Regarding the Class Divide...
I could creep around the fact that Bob died until the end of the story. If I chose to, I could paint a poignant, sobering punch line about the callousness of the urban professional. I could talk about how little anyone noticed his absence and replacement, the fact that he died and maybe more importantly, had been dying for months without being noticed by the white collar workers he shipped back and forth in his parking lot shuttle bus. It would make a powerful example of the isolation in general of people nowadays and the rational coldness of class, that would eloquently harken back to serfdom. It would be true to some degree, but it would be a disservice to all involved and I would simply be using Bob as a pawn in an intellectual game of demagoguery.
I could easily excuse myself from this game. I talked to Bob every day that I saw him. I would have minor conversations with him regarding the weather, but he also told me how expensive the toys his grandchildren wanted for Christmas were and I listened carefully to his bitter toned yet cleverly mocking disgust of people who got onto his small shuttle bus with attitude and contempt for his lack of a serviced smile and tendency to be smoking the last half of a cigarette in the moments between each of the forty to sixty trips he took from the far, far end of the largest parking lot to the connecting plaza of office buildings.
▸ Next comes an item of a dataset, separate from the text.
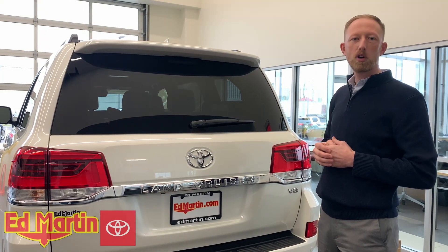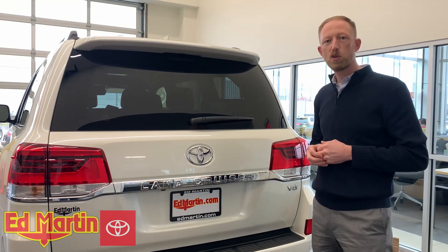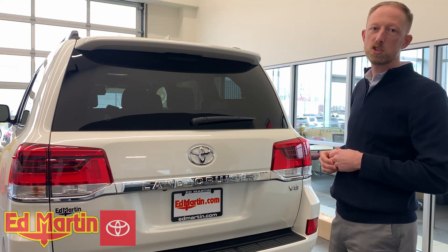Hey guys, Eric Sargent, General Manager at Ed Martin Toyota in Noblesville, Indiana. I want to take a minute and show you a feature that we've added to the 200 Series Land Cruiser, because a lot of customers have been complaining about the hatchback being just too slow from the factory.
I empathized with that feeling, since I too have it towards the modern white collar worker, even if I have just by the barest amounts, become one.
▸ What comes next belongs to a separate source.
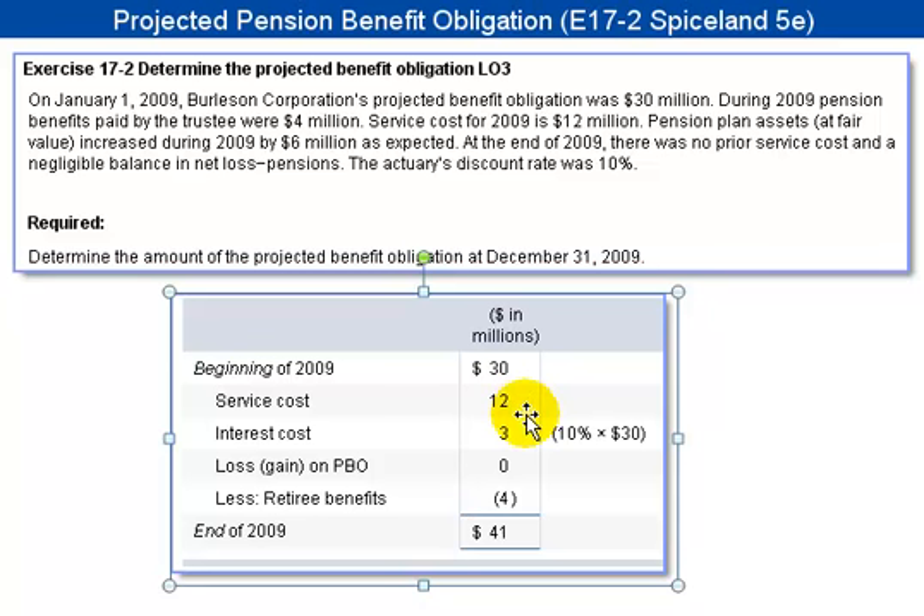Then we need to calculate $3 million as interest cost. We take the actuary's discount rate of 10% times the $30 million. The loss or gain on the PBO was negligible, and $4 million was paid by the trustee, which reduces the projected benefit obligation. So when we add all of those down — including the negative of the $4 million retiree benefits — we come up with a solution of $41 million.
Still, any attempts to abstract myself from the burdens of the rationalized day to day callousness that exists between servers and servees would only be the barest of excuses. I am a pleasant person and I know how to be warm at a moments notice with strangers, but that is not comparable with interest. Interest like social currency must be willingly invested, it is not simply a toll that we pay when we politely interact with people of different status or station day to day, it's investment, establishing a foundation of friendship or at least acquaintance, that builds on equal footing with each encounter and it requires trust and sacrifice, not a lot, but at least your anonymity. At least there would be a cordial exchange, an introduction, at least he would know that my name is Jared and I would know that his name is Bob, which I did not know, until the woman who drives the shuttle at night told me, when she told me Bob had died over Christmas from a complexity of aliments that he knew had him cornered. I still don't know her name.